Leetcode 91. Decode Ways

91. Decode Ways

A message containing letters from 

A-Z

 is
being encoded to numbers using the following mapping:

'A' -> 1
'B' -> 2
...
'Z' -> 26

Given an encoded message containing digits, determine the total number of ways to decode it.
For example,

Given encoded message 

"12"

, it could be decoded as 

"AB"

 (1
2) or 

"L"

 (12).
The number of ways decoding 

"12"

 is 2.

/*
题意：字母表A-Z对应数字1-26，给定字符串S，问有多少种解码方式
思路：设状态dp[i]表示字符串前i个字符能表示的解码个数。
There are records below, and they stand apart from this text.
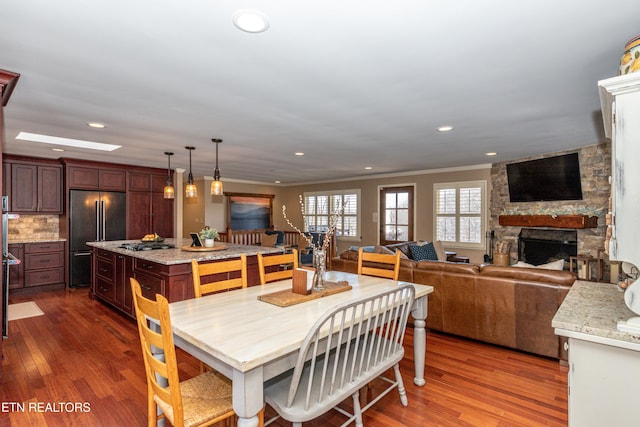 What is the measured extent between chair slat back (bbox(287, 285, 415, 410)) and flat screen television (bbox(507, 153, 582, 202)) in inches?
185

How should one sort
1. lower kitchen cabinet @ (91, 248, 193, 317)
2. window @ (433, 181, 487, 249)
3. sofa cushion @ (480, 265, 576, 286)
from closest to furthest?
sofa cushion @ (480, 265, 576, 286) → lower kitchen cabinet @ (91, 248, 193, 317) → window @ (433, 181, 487, 249)

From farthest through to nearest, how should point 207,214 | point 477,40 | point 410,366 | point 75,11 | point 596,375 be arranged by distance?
point 207,214 < point 410,366 < point 477,40 < point 75,11 < point 596,375

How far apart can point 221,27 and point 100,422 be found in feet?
8.18

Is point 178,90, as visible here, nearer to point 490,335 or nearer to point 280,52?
point 280,52

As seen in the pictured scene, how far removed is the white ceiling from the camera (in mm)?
1634

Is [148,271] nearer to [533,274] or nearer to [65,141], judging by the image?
[65,141]

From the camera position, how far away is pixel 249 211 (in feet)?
31.8

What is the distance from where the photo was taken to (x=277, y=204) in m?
10.6

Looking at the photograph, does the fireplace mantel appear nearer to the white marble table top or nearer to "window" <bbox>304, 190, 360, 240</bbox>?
"window" <bbox>304, 190, 360, 240</bbox>

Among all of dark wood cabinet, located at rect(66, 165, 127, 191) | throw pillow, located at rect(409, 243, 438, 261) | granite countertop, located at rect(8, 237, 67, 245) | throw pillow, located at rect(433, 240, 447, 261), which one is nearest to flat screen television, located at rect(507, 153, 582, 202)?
throw pillow, located at rect(433, 240, 447, 261)

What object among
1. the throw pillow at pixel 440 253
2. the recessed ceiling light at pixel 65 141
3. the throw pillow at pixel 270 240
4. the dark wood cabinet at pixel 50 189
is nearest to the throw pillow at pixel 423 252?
the throw pillow at pixel 440 253

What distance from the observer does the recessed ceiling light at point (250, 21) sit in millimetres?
1622

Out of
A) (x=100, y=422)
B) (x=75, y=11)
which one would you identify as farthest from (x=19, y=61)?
(x=100, y=422)

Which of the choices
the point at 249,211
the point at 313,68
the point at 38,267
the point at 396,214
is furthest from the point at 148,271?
A: the point at 249,211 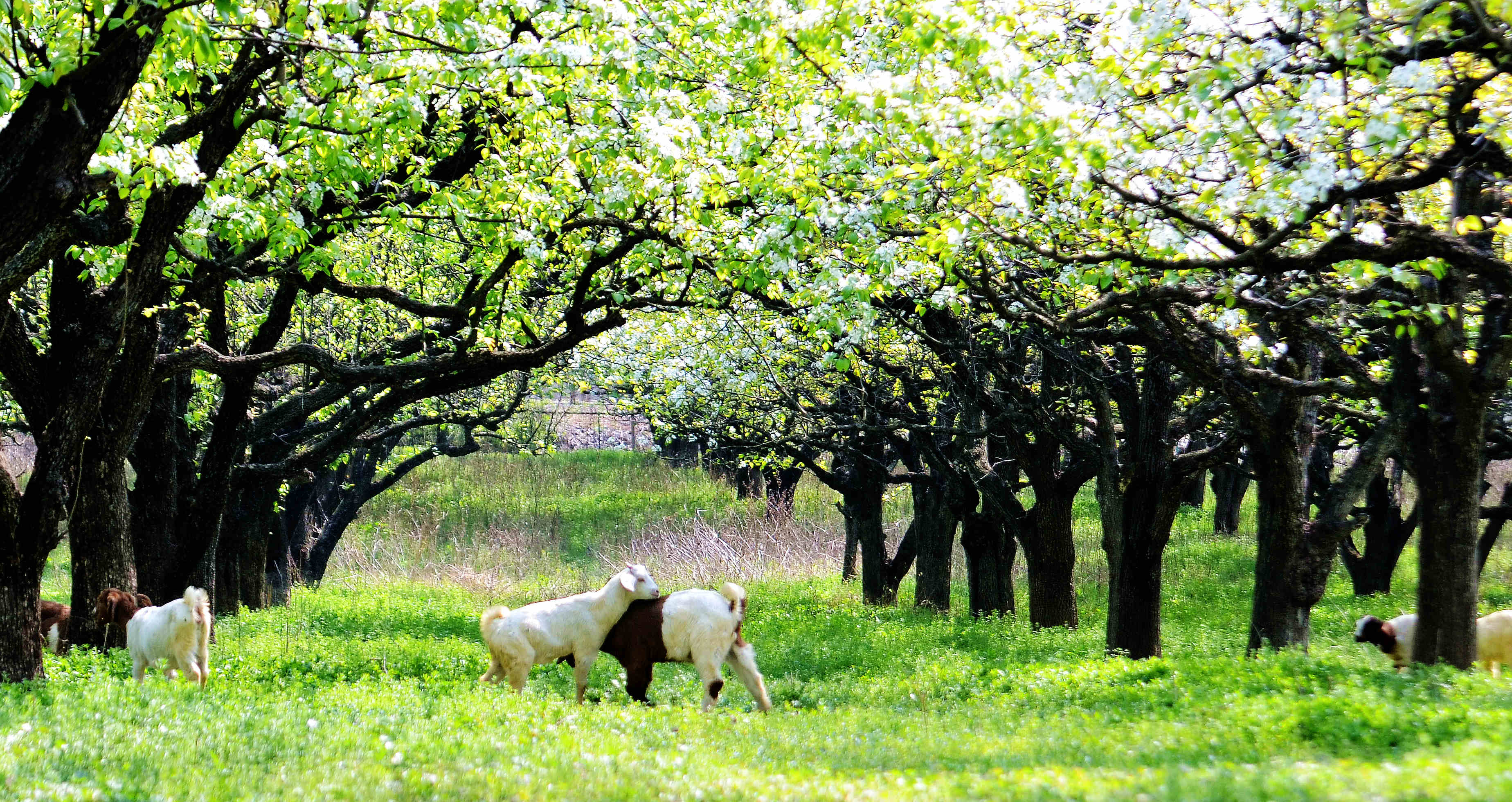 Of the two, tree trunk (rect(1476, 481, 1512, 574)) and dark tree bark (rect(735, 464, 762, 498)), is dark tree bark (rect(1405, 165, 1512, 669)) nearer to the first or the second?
tree trunk (rect(1476, 481, 1512, 574))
那么它依赖于dp[i-1]和dp[i-2]
具体的依赖关系如下：
（1）s[i] == '0'，如果满足s[i-1] == '1' || s[i-1] == '2' 则dp[i] = dp[i-2]，否则返回0
（2）不满足条件1，但是满足s[i-1] == '1' || (s[i-1] == '2' && s[i] <= '6')则
dp[i] = dp[i-1] + dp[i-2]
（3）不满足前两个条件，则dp[i] = dp[i-1]
*/
class Solution {
public:
int numDecodings(string s) {
int len = s.length();
if(!len) return 0;
vector<int> dp(len + 1, 0);
dp[0] = 1;
for(int i = 1; i <= len; i++){
if(s[i-1] == '0'){
if(i > 1 && (s[i-2] == '1' || s[i-2] == '2'))
dp[i] = dp[i-2];
else
return 0;
}
else if(i > 1 && (s[i-2] == '1' || (s[i-2] == '2' && s[i-1] <= '6')))
dp[i] = dp[i-1] + dp[i-2];
else
dp[i] = dp[i-1];
}
return dp[len];
}
};